As recently as last fall, Nuro appeared to be years away from widespread adoption. The company, which operated in Arizona and California, arrived in Houston in 2018 to test its vehicles on a city known for its diversity, with a wide range of neighborhoods and types of customers. Though the cars were overseen by two human employees in the front seat, the goal was to develop the world’s preeminent fully autonomous delivery service. The robotically piloted Toyota Priuses, equipped with remote sensing equipment on top, became a fairly common sight in central Houston neighborhoods. But before the pandemic, most people didn’t pay them much attention.

Last fall, only 3 percent of the nation’s households were placing frequent online orders for grocery delivery. The low rate was attributed to shoppers’ concerns about higher prices online and delivery drivers showing up late. In May of this year, however, that number had skyrocketed to 33 percent, a stunning increase that—in even the best case scenarios—was expected to take many years to reach, not months. In Houston alone, Nuro has seen its deliveries triple into the thousands since the pandemic turned in-person shopping into risky activity. Suddenly, Nuro was no longer a novelty, but an important aid for many Houstonians sheltering in place.

That same trend has been replicated by other automated delivery services during the pandemic, as companies including Waymo and Starship, makers of a sidewalk delivery robot, find themselves in greater demand than ever before. “Investors over the past seven months have pumped at least $6 billion into more than two dozen companies involved in autonomous delivery of goods and food, from drones to heavy trucks,” Reuters reported in May.

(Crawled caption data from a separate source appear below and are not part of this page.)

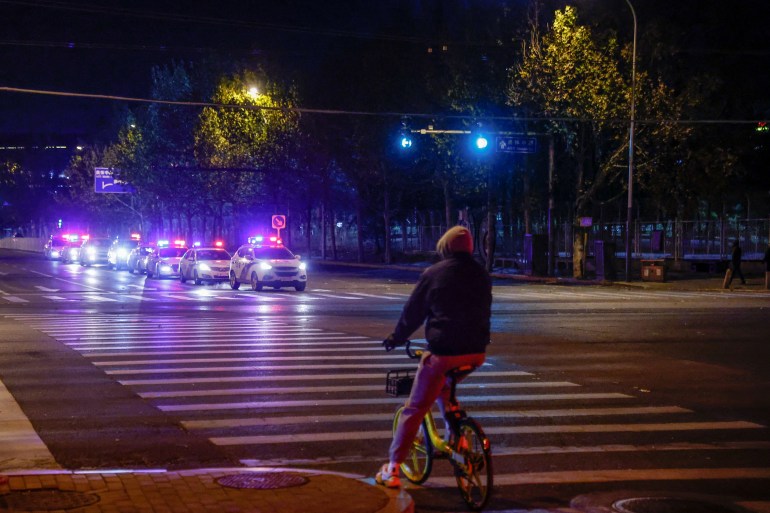 Carros de polícia com luzes piscando se alinham ao longo de uma rua de Pequim, onde havia rumores de que um protesto ocorreria.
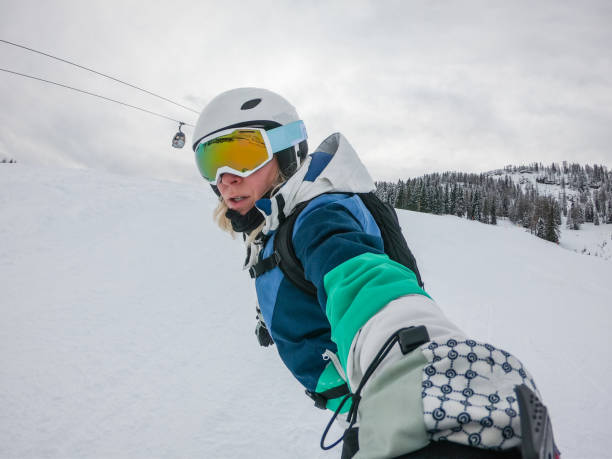 istock Woman Snowboarding Portrait 1197889608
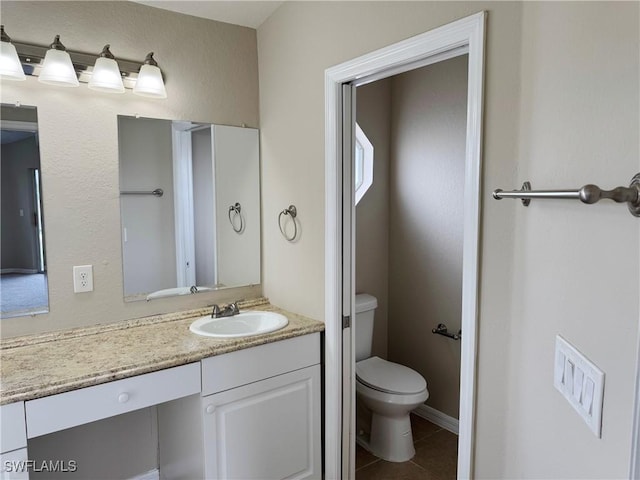 bathroom featuring toilet, tile patterned flooring, and vanity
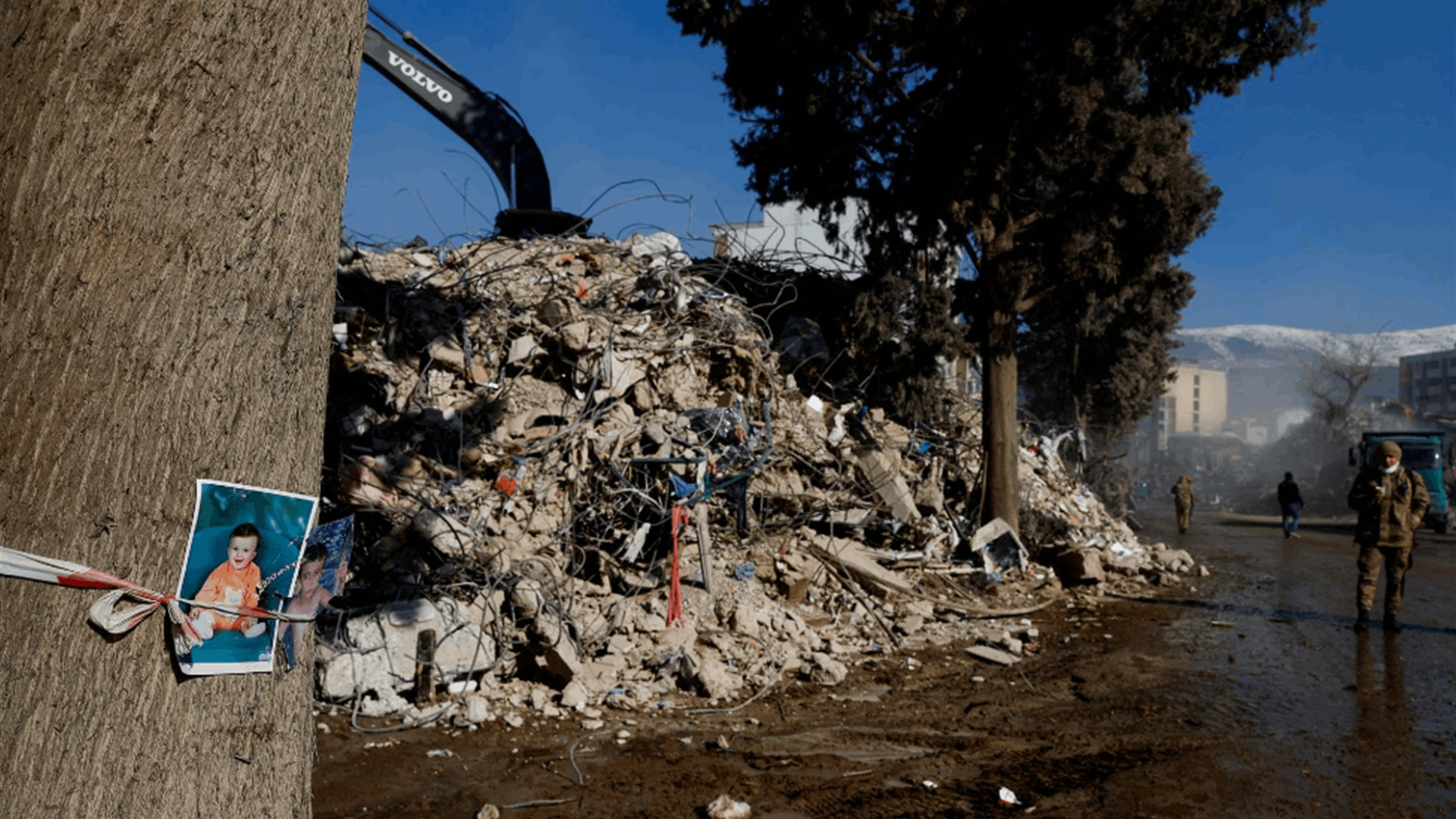 Photos tied to tree of missing boys highlight painful search for earthquake victims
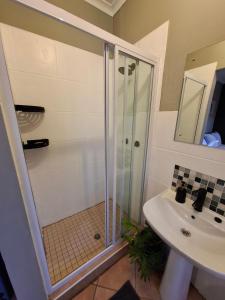 a bathroom with a shower and a sink at Cozy City Studio Escape in Centurion +3 photos
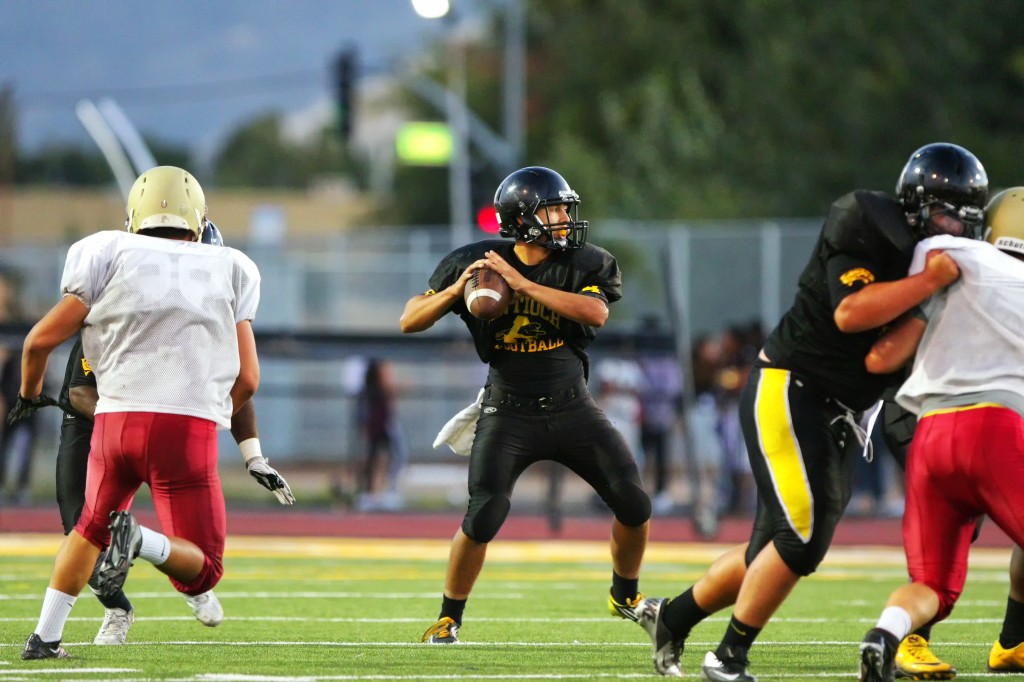 Antioch High quarterback, junior #4 Abram Karnthong, in scrimmage vs. Northgate, Friday, August 21, 2015. photo by Luns Louie, DeltaSportsMag.com.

In addition to partnering with Kroger, the nation’s largest operator of traditional supermarkets, Nuro delivers prescriptions from CVS and will soon deliver Domino’s pizza. The company expects much of its new customer base to remain after the pandemic, believing that quarantine has only amplified an existing trend toward on-demand grocery delivery. Sola Lawal, a Nuro product operations manager based in Houston who formerly worked for Uber, cites high customer appreciation scores as evidence that new users will remain loyal to the brand.

When I spoke to Lawal, I asked him what he would have thought if someone had shown him those heightened delivery numbers last fall.

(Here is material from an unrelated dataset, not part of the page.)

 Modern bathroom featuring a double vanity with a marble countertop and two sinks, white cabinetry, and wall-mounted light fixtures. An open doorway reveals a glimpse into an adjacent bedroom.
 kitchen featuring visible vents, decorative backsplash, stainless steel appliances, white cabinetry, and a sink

“I’m not sure what I would’ve thought,” he said. “I just know I would’ve been very confused.”

The pandemic hasn’t just rapidly expanded the company’s customer base and delivery volume, it’s also forced them to adapt. The company still relies on Nuro employees to oversee the autonomous vehicles, collect valuable information about how they perform on the road, and unload groceries gathered by workers at Kroger. Last fall, when driverless vehicles arrived at a home with groceries in tow, a human operator sitting in the passenger seat would hand the goods over to customers or deliver them to the front door. In Houston, some families had a habit of meeting the vehicles at the curb with a red wagon. “It was like a mini family celebration,” Lawal explained.

With person-to-person interaction no longer safe, Nuro’s engineers rushed to develop a new system that would allow customers to open a delivery vehicle’s doors by flashing a thumbs-up sign or using a setting on their mobile phone. (Both the hand gesture and smartphone features are available only on vehicles in California for now.)

“Creating contact-less delivery was a long-term goal that got sped up when it became clear that, yeah, we need to be able to do this now!” Lawal said.

Since the pandemic began, the types of groceries customers are purchasing has begun to change as well, in some revealing ways. During the early days of the pandemic, adult beverage sales spiked by 63 percent, with beer increasing by 71 percent, wine by 54 percent, and spirits by 67 percent, according to consumer shopping data from Kroger. By the end of May, however, those numbers had leveled out, but hand sanitizer sales—not surprisingly—had jumped 263 percent compared with their yearly average. Over the past few months, the data reveals, yeast and other baking essentials have seen an 80 percent increase in sales.

There also has been a discernible change in customers’ attitudes, Lawal said, ever since the pandemic turned an ordinary trip to the grocery store into a high-risk activity.

“Before the pandemic customers’ attitudes were like, ‘This is cool and now I have the groceries I need,’” he said, “and now they’re more like, ‘Oh, thank God!’”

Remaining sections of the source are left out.